__Goal of the exercise__:
Take the lines below between the one holding "1st image of 200 Mark Ln SE" and the one holding "ISTRA, TINJAN - Autohtona", inclusive, and copy them exactly. Add nothing.

__Available records__:
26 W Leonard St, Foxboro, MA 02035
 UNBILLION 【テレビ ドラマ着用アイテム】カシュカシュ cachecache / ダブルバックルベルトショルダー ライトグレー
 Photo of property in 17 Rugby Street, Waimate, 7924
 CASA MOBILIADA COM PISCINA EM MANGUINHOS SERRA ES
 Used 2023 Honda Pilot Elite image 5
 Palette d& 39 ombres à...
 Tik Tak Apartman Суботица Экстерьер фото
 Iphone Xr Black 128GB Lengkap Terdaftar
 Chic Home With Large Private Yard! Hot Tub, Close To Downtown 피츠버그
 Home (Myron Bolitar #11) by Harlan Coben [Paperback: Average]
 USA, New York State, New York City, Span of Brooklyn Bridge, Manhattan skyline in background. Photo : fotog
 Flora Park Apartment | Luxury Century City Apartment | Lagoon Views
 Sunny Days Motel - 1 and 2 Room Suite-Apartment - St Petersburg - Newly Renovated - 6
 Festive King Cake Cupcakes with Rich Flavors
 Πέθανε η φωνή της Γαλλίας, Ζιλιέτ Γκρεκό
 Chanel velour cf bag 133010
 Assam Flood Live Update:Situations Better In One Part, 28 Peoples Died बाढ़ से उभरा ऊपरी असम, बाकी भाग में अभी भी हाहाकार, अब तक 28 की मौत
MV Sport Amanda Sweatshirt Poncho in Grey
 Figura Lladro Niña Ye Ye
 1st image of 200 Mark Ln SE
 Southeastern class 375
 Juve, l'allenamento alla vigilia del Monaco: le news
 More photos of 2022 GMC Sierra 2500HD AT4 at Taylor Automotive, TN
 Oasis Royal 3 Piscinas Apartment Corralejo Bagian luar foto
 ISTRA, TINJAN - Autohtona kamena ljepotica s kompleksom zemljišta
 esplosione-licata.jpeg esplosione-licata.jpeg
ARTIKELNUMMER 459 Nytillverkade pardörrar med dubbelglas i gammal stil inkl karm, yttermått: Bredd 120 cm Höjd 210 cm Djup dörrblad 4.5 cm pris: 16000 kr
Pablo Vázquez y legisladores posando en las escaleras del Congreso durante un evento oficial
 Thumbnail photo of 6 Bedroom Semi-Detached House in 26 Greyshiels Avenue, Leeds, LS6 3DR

__Task response__:
 1st image of 200 Mark Ln SE
 Southeastern class 375
 Juve, l'allenamento alla vigilia del Monaco: le news
 More photos of 2022 GMC Sierra 2500HD AT4 at Taylor Automotive, TN
 Oasis Royal 3 Piscinas Apartment Corralejo Bagian luar foto
 ISTRA, TINJAN - Autohtona kamena ljepotica s kompleksom zemljišta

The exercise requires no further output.